Egemenliğin asli sahibi olan bizler; egemenliğimizi, Anayasamızın koyduğu esaslar doğrultusunda, yasama, yürütme ve yargı organları aracılığı ile kullanmaktayız. Bu amaçla size vekalet vererek, sizi yasama organında görev yapmak üzere TBMM'ne gönderdik. Ve siz de bu onurlu göreve, Anayasamızın 81. maddesinde açıkça yazan metin dahilinde namusunuz ve şerefiniz üzerine and içerek başladınız.

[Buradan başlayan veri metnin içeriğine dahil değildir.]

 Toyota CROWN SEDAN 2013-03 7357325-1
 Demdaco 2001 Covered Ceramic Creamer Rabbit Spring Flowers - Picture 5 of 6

Asil olarak hatırlatırız ki, yetkileriniz sınırsız değildir. Egemenliğin kullanılmasını hiçbir surette bir kişiye, zümreye veya sınıfa bırakamazsınız, bu konuda Anayasa değişikliği yapamazsınız. Anayasamızın size ve sizin görev yaptığınız yasama organına ve diğer organlara verdiği yetkinin kaynağı Anayasamızdır. Anayasadan kaynaklanmayan bir yetkiyi kullanamazsınız. Bu nedenledir ki, ne Anayasamızın başlangıç bölümü, ne ilk üç maddede yer alan hükümler, ne de bu maddelerin içini dolduran ilgili maddeler, yani rejimimiz değiştirilemez ve değiştirilmesi teklif edilemez.
Bu nedenle, parlamenter sistemi işlevsiz kılacak, "kuvvetler birliği" anlamına gelecek, yasama, yürütme ve yargıyı tek elde toplayarak "üstün kuvvet" yaratacak şekilde rejim değişikliği yapamazsınız. Yetkilerinizi ya da organların yetkilerini başka bir organa ya da kişiye devredemezsiniz.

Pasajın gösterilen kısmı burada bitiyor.